■ WORK ORDER
Below are some records. Print exactly the lines between the one holding "Araştırma merkezinde yeni" and the one holding "The worker is checking goods packaging.", inclusive, and nothing else.

[Short web captions]
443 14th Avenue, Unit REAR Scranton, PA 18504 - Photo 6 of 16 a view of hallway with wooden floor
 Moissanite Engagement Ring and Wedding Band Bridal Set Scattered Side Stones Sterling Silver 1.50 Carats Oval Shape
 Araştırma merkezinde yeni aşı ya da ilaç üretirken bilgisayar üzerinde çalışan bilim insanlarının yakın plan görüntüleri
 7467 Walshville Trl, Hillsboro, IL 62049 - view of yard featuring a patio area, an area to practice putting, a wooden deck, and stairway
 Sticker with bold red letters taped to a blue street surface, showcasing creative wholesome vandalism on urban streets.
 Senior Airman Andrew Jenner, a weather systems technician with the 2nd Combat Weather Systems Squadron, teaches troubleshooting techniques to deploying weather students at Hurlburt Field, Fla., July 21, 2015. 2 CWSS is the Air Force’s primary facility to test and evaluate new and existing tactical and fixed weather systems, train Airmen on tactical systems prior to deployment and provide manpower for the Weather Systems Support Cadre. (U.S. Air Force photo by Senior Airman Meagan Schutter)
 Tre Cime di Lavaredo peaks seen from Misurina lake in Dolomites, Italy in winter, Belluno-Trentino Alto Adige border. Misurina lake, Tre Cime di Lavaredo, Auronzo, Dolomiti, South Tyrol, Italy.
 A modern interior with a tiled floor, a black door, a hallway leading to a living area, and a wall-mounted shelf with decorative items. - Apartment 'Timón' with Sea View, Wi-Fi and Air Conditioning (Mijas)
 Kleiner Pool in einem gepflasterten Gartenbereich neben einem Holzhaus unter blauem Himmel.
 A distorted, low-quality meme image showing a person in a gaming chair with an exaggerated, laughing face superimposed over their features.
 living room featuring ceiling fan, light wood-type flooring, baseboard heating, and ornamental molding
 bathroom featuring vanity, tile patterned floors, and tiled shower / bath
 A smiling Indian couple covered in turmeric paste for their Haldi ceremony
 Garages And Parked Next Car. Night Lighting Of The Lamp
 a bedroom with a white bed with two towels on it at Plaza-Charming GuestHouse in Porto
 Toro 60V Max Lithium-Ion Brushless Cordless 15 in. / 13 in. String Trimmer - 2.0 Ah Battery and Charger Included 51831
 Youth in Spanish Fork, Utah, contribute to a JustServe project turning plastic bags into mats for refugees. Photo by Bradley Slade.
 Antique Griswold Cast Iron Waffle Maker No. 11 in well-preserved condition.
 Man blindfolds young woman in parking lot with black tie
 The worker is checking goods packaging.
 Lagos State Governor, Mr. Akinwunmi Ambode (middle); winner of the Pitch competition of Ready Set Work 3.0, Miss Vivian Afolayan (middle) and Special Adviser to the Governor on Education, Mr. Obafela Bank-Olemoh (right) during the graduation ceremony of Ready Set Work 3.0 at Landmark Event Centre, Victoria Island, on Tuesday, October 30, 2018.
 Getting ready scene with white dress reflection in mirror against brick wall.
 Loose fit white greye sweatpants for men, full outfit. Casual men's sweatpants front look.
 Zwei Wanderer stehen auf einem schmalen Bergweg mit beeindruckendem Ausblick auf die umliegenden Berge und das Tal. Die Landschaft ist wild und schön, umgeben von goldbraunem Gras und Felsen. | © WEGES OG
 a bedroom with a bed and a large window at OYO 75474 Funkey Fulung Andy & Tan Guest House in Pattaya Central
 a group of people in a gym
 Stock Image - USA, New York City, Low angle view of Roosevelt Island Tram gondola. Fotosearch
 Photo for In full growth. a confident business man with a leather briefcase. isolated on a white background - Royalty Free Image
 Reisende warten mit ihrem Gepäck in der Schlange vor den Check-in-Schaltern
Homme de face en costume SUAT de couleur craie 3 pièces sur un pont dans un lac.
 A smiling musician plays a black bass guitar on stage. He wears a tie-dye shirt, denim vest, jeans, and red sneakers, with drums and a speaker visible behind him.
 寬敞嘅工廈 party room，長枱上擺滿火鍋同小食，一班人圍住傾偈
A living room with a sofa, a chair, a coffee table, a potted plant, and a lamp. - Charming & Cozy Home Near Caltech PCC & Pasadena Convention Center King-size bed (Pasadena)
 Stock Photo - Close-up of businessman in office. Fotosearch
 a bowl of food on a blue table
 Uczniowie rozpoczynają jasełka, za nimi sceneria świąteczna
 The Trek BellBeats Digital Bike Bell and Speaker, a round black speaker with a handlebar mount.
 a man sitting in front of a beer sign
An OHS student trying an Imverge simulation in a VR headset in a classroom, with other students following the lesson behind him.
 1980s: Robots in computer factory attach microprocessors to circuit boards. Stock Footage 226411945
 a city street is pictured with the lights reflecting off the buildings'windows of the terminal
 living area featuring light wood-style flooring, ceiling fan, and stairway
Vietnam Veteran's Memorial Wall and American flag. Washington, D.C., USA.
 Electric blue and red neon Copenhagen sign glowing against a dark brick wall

■ SOLUTION TO THIS PROBLEM
 Araştırma merkezinde yeni aşı ya da ilaç üretirken bilgisayar üzerinde çalışan bilim insanlarının yakın plan görüntüleri
 7467 Walshville Trl, Hillsboro, IL 62049 - view of yard featuring a patio area, an area to practice putting, a wooden deck, and stairway
 Sticker with bold red letters taped to a blue street surface, showcasing creative wholesome vandalism on urban streets.
 Senior Airman Andrew Jenner, a weather systems technician with the 2nd Combat Weather Systems Squadron, teaches troubleshooting techniques to deploying weather students at Hurlburt Field, Fla., July 21, 2015. 2 CWSS is the Air Force’s primary facility to test and evaluate new and existing tactical and fixed weather systems, train Airmen on tactical systems prior to deployment and provide manpower for the Weather Systems Support Cadre. (U.S. Air Force photo by Senior Airman Meagan Schutter)
 Tre Cime di Lavaredo peaks seen from Misurina lake in Dolomites, Italy in winter, Belluno-Trentino Alto Adige border. Misurina lake, Tre Cime di Lavaredo, Auronzo, Dolomiti, South Tyrol, Italy.
 A modern interior with a tiled floor, a black door, a hallway leading to a living area, and a wall-mounted shelf with decorative items. - Apartment 'Timón' with Sea View, Wi-Fi and Air Conditioning (Mijas)
 Kleiner Pool in einem gepflasterten Gartenbereich neben einem Holzhaus unter blauem Himmel.
 A distorted, low-quality meme image showing a person in a gaming chair with an exaggerated, laughing face superimposed over their features.
 living room featuring ceiling fan, light wood-type flooring, baseboard heating, and ornamental molding
 bathroom featuring vanity, tile patterned floors, and tiled shower / bath
 A smiling Indian couple covered in turmeric paste for their Haldi ceremony
 Garages And Parked Next Car. Night Lighting Of The Lamp
 a bedroom with a white bed with two towels on it at Plaza-Charming GuestHouse in Porto
 Toro 60V Max Lithium-Ion Brushless Cordless 15 in. / 13 in. String Trimmer - 2.0 Ah Battery and Charger Included 51831
 Youth in Spanish Fork, Utah, contribute to a JustServe project turning plastic bags into mats for refugees. Photo by Bradley Slade.
 Antique Griswold Cast Iron Waffle Maker No. 11 in well-preserved condition.
 Man blindfolds young woman in parking lot with black tie
 The worker is checking goods packaging.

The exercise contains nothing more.